Why are the guardians of our currency, and of everyone else's currency, cooing like a flock of flu-free doves these days? Because their mandate is to guard growth as well as currencies. And in conditions of growing labor competition from Chinese factory workers and Indian software engineers, the path to growth in the developed world is marked with interest-rate cuts, not hikes.

The Bank of England, one of the first to raise interest rates during the current economic cycle, is expected to cut them next month. One of these days, should economic conditions warrant, of course, the Fed may follow.

Incoming Fed Chairman Ben Bernanke may not be the Helicopter Ben of Wall Street caricature, but he is coming into his job after a brief but hugely symbolic stint as the top White House economic adviser. Anyone who's worked for President Bush, and anyone Bush would name to lead the Fed, probably shares his view that the business of America is business. And business doesn't want a 5% fed-funds rate; it wants a cheap bond issue to pay for the latest leveraged takeover.

Just the other day, the president of the Federal Reserve Bank of New York made news by talking of targeting asset prices before they pump up inflation. But Bernanke is on record as opposing such meddling, comparing it to the flawed economic policies that gave rise to the Great Depression.

There's really no way to read that Bernanke speech from 2002 and think that the Fed will be hiking rates just to do something about the price of gold, or copper, or bricks and mortar. The asset prices that Bernanke does focus on are the yield spreads that have in the past predicted economic slowdowns. It may be no coincidence that the unusually explicit Fed statements about the likely halt to rate hikes materialized soon after Bernanke's nomination. He is, after all, an advocate of explicit inflation targets, all in the name of greater Fed transparency. And the Fed, transparently, is now more worried about you keeping your job than with discouraging you from frittering away your home equity.

I've found it profitable in recent years to imagine two separate global economies. The first is a labor pool dependent on globally low rates to cope with a massive influx of new workers. Those low rates have left the world awash with cash, keeping market yields low.

The second economy is that of hard assets, be they factories, gold, crude or real estate. As the supply of labor and money swells, the relative value of capital stock and commodity inputs grows.

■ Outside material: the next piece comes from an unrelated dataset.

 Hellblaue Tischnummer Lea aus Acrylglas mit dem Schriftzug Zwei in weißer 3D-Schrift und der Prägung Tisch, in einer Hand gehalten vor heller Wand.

And it's bound to keep growing, as long as we have a labor surplus fed by cheap Asian labor.

This is great news for the greater welfare in the long run, and perhaps in the short run as well, as the most populous continent transitions from subsistence agriculture to high-tech manufacturing. In this context, high commodity prices and low interest rates seem like a small price to pay. And policy makers on both sides of the Pacific are likely to keep paying it. No one wants to rock the boat, certainly not before the 2008 Beijing Olympic Games and that year's U.S. presidential election.

The Fed is serious about inflation, of course, but it defines inflation as consumer prices, not asset values. And consumer prices are not racing higher, thanks to cheap labor and technological improvements counted by statisticians as downward adjustments in price.

No one wants to rock the boat when everyone's making money. Gold is up almost 50% since I touted it two years ago, and 150% in the four-plus years since colleague Jonathan Hoenig first got the bug. The Newmont Mining (NEM) shares I bought on a dip in October 2004 have returned 28% since purchase. My Energy Select Sector SPDR (XLE), an exchange-traded fund, is up 15% since purchase in July.

It's easy to hook gains like these when you're fishing in a pond considerately overstocked by central bankers. These waters are teeming with dollars and yen and euros. All an angler needs is a shiny metal lure.

Those wishing to cast a wider net would want to look at the shares of home builders and investment bankers, as bets on strong real-estate prices and fat merger advisory fees. In an age of assets it pays to own an asset manager, as a look at the recent performances of Legg Mason (LM) and Credit Suisse Group (CSR) shows.

And speaking of Credit Suisse, I'm still a big fan of foreign stocks, just like every other mutual-fund investor. When fishing, I prefer ponds that don't require $800 billion a year of imported fish.